EXERCISE REQUIREMENTS —
Starting at the line that contains "Maharashtra Dahanu Front", write out every line through the end of the records below exactly as it appears, and leave out all pictures.

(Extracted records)

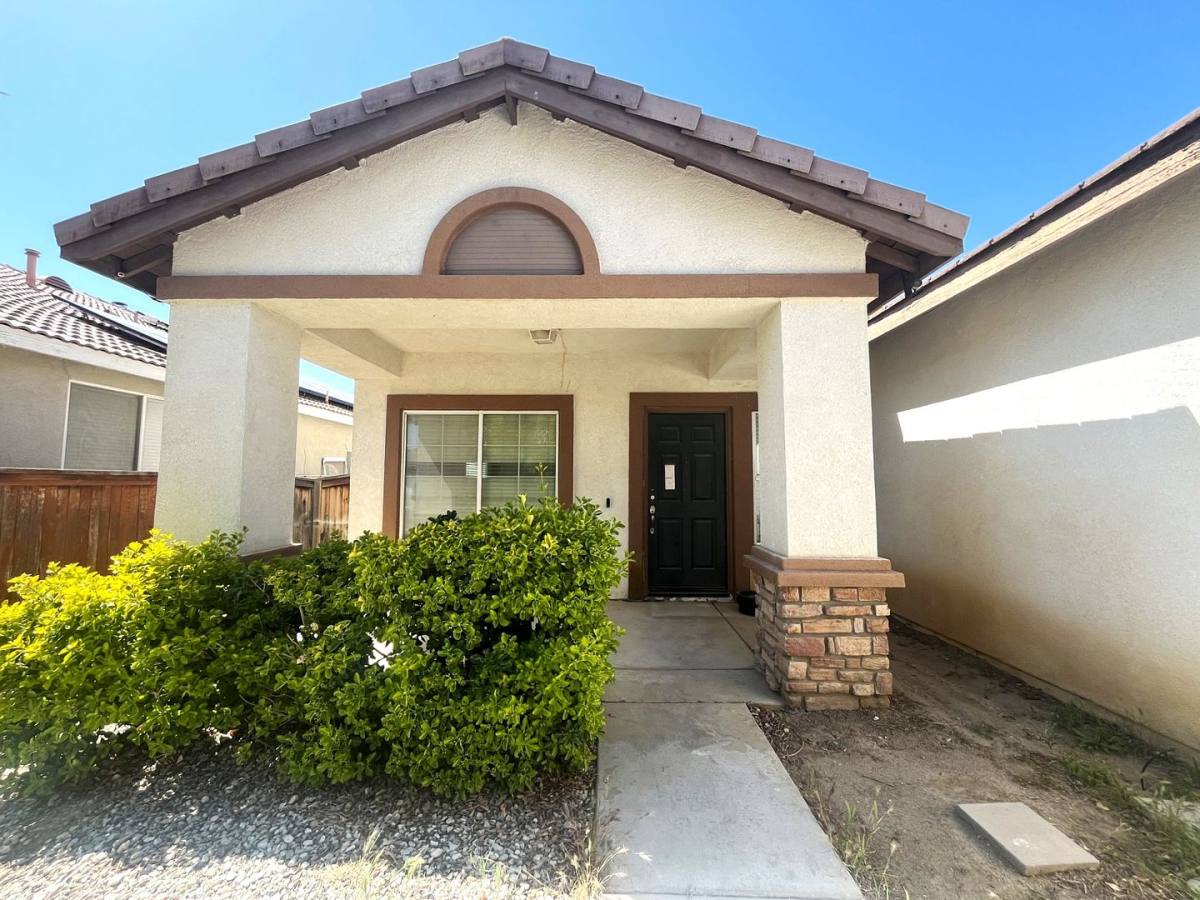 House for rent at 11737 Trailwood, Victorville, CA 92392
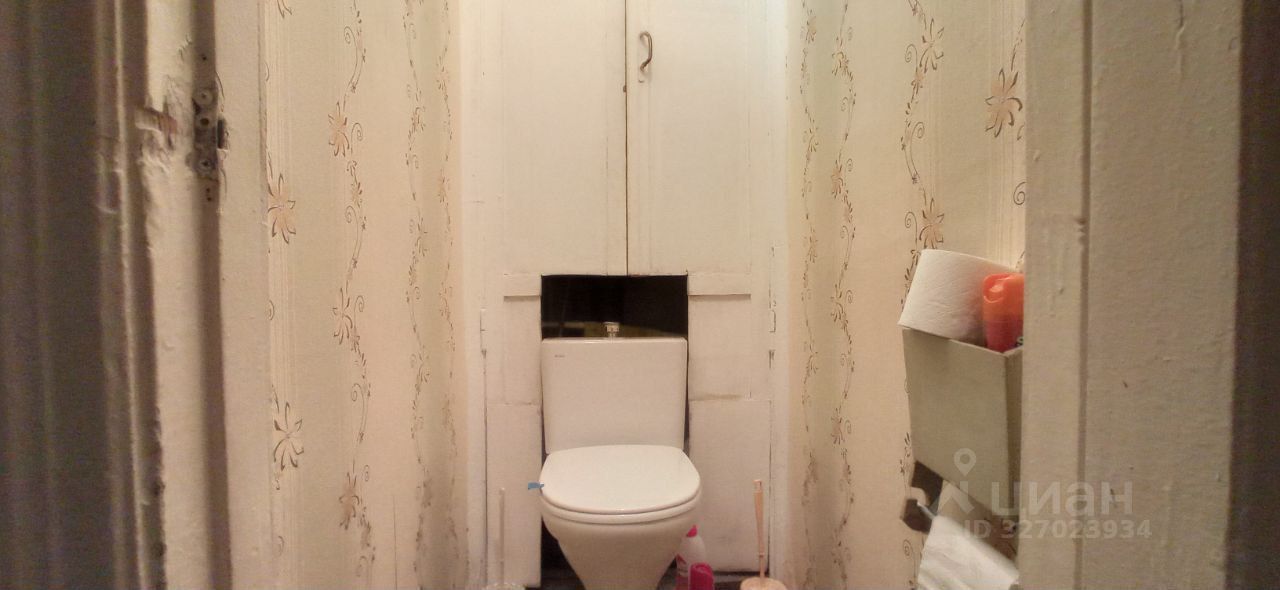 Продажа комнаты Краснопутиловская улица, 12
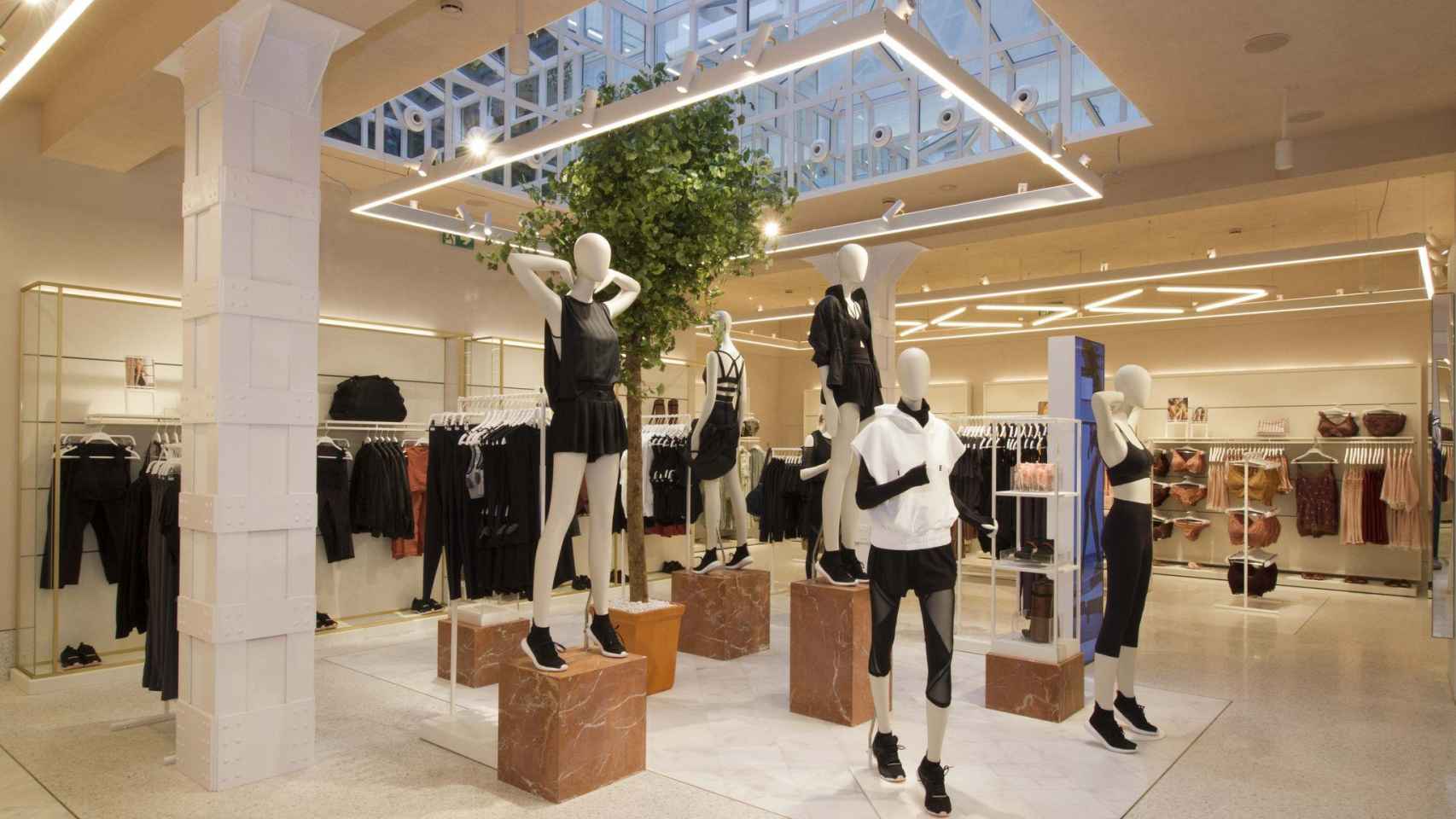 Interior de una tienda de Oysho, marca del gigante gallego Inditex / ARCHIVO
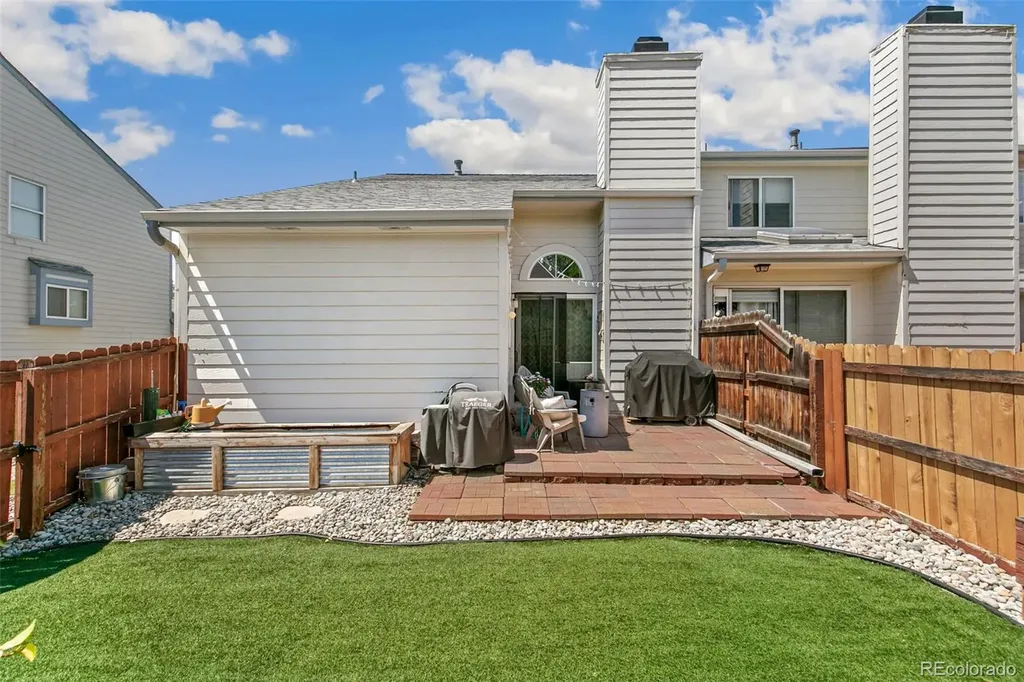 8918 W Plymouth Avenue Littleton CO 80128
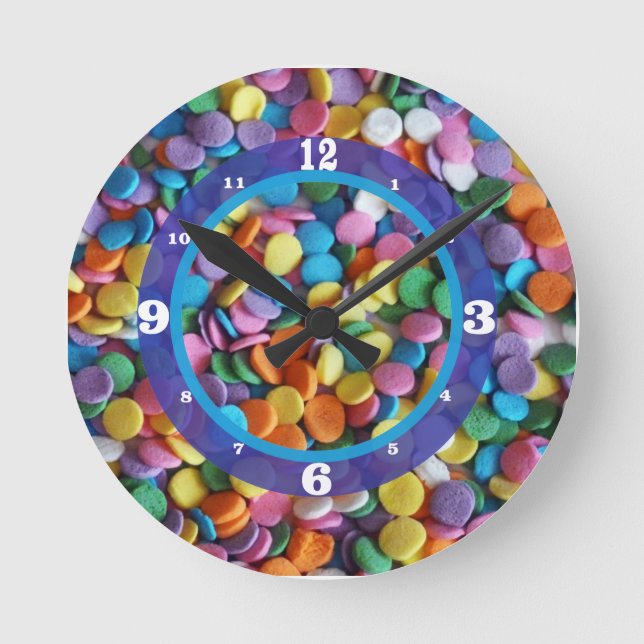 Party Candy Dots numrerade Rund Klocka (Framsida)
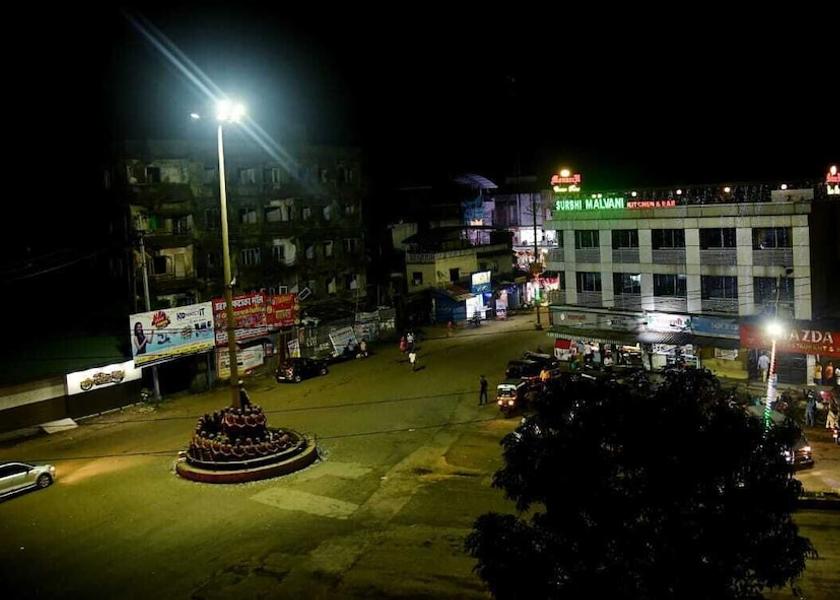 Maharashtra Dahanu Front of property - evening/night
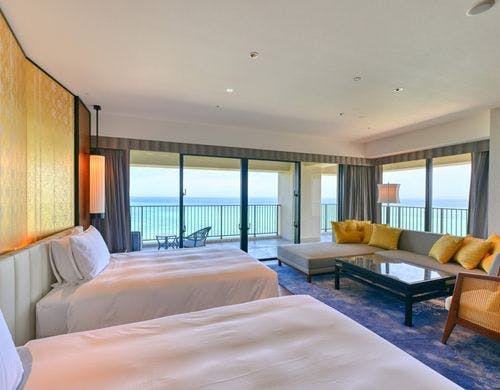 琉球ホテル＆リゾート 名城ビーチの部屋～パノラマコーナースイートツイン（ラウンジ・VIPアクセス付）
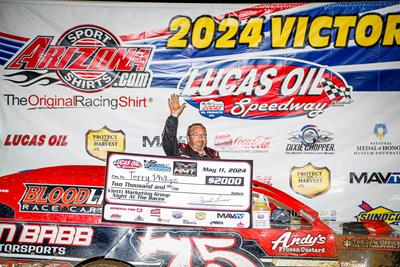 Phillips hangs on for USRA Heartland Modified Tour victory in Luc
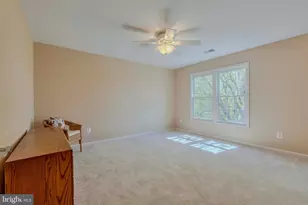 10409 Dunn Meadow Rd, Vienna, VA 22182 - Photo 49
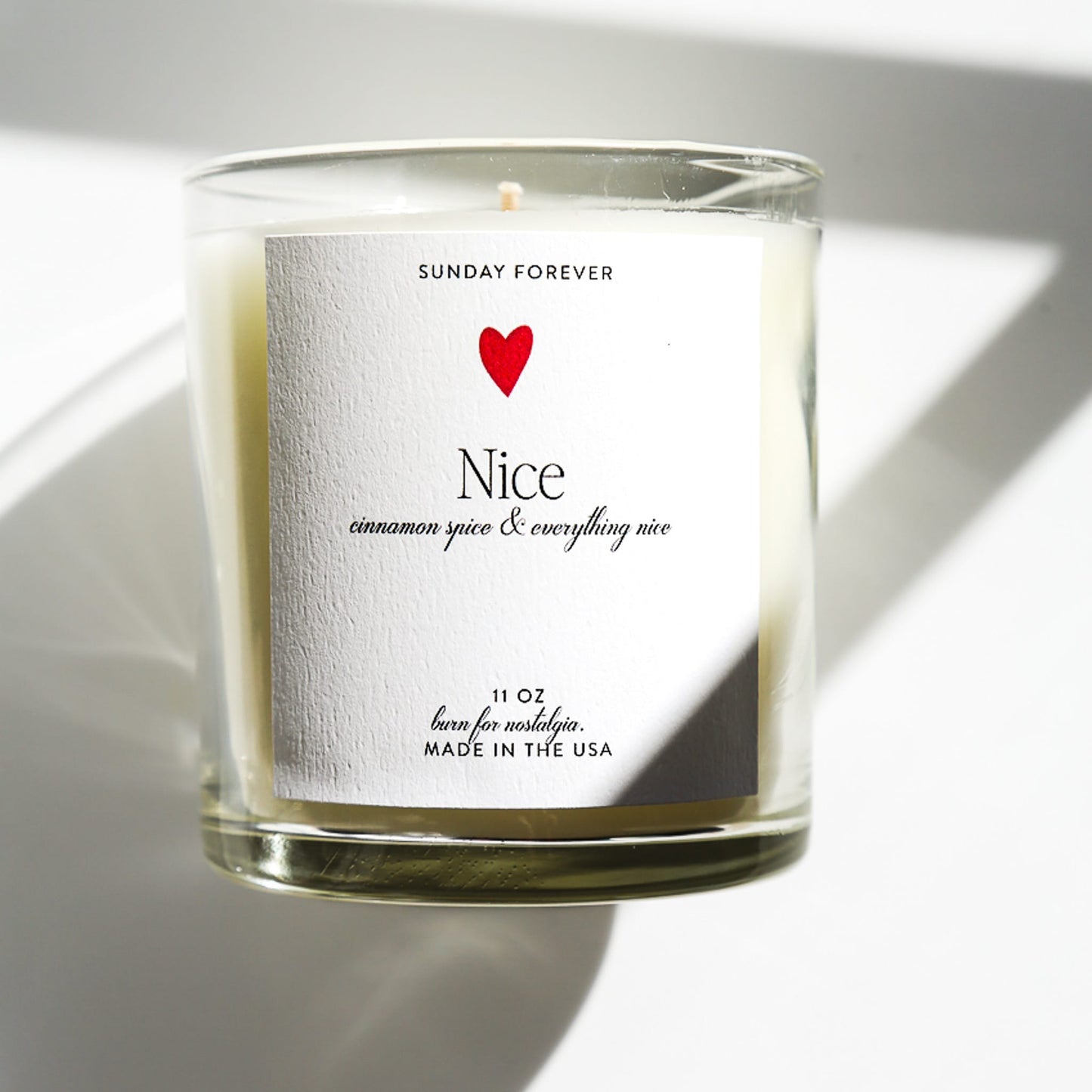 Nice Luxury Candle with Cinnamon and Spice - Sunday Forever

TASK RESULT —
 Maharashtra Dahanu Front of property - evening/night
 琉球ホテル＆リゾート 名城ビーチの部屋～パノラマコーナースイートツイン（ラウンジ・VIPアクセス付）
 Phillips hangs on for USRA Heartland Modified Tour victory in Luc
 10409 Dunn Meadow Rd, Vienna, VA 22182 - Photo 49
 Nice Luxury Candle with Cinnamon and Spice - Sunday Forever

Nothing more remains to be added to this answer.